A perfect example of this is "Graceless," a song that could be a ballad if Bryan wasn't so obsessed with Joy Division and their drum-machine yet-human-powered patterns of snare fills, tom hits and quick hihat runs. He single-handedly (well, with both hands, and both feet) propels the song to its apex with Berninger in his trademark low wail, also recalling Joy Division and their iconic departed frontman Ian Curtis.

First single "Don't Swallow the Cap" references some classic universally-loved albums, "And if you want / To see me cry / Play "Let It Be" / Or ??Nevermind'" as well as killer quoteable lines like "I have faith but don't believe you / This love ain't enough to leave you ". "I Need My Girl" is another favorite, though it doesn't have much in the way of those killer drums, just a slow build of booming percussion; what makes it is the finger-picked electric and Berninger's lyrics, throwing at you some lines you never thought you'd hear sung in such a chill setting: "Remember when you lost your shit / Drove the car into the garden" and "I'll try to call you / From the party / It's full of punks and cannonballers". He is revealing himself to be one of the greatest lyricists of modern indie rock. "Fireproof" follows a similar route as "I Need My Girl," with simple shakers pushing the song along for most of its duration, and cool guitar hammer-ons and low-end synth swells.

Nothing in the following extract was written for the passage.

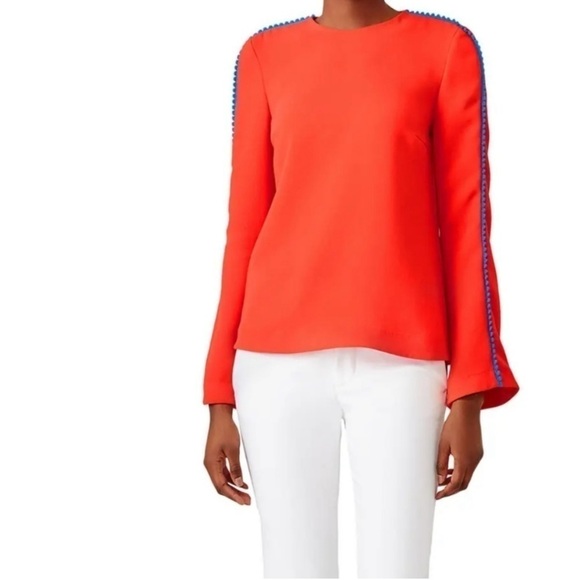 GALVAN London pom Sleeve Misti Blouse - Picture 2 of 13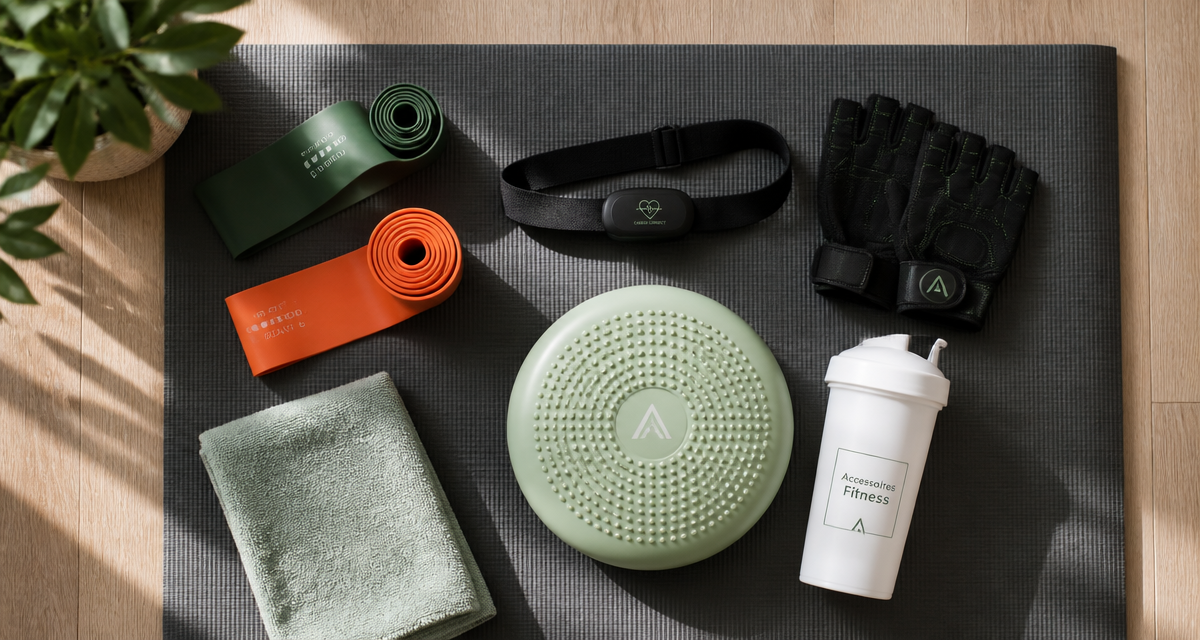 Accessoires de sport variés sur tapis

There are some new twists to the band's sound that most people won't even notice they're so subtle and well-done. Opener "I Should Live in Salt" features a 9/4 chord progression that never feels unnatural. Near the album's end, "Pink Rabbits" winds down with a midtempo piano groove and ambient guitar feedback wails, something they should experiment with more. "You said it would be painless / It wasn't that at all." is a key line from the track. "Sea of Love" rocks right off the bat, something they usually hesitate to do, tending to build songs up gradually. Buzzy bass breaks it down in parts, but it just keeps comin' back up. Another addition is the many more instances of backing vocals, especially big sung/shout gang parts, which is a nice addition to a group focused so intensely on that one unique voice.

You can tell that The National hit a fruitful songwriting stride writing this album. It's 13 tracks and damn near an hour, and you won't regret a minute of what they included here. There is a fantastic flow from upbeat, crescendoing rockers to gentle yet looming ballads. 2013's been a great year for indie rock and Trouble Will Find Me is bound to end up near the top of heap for me.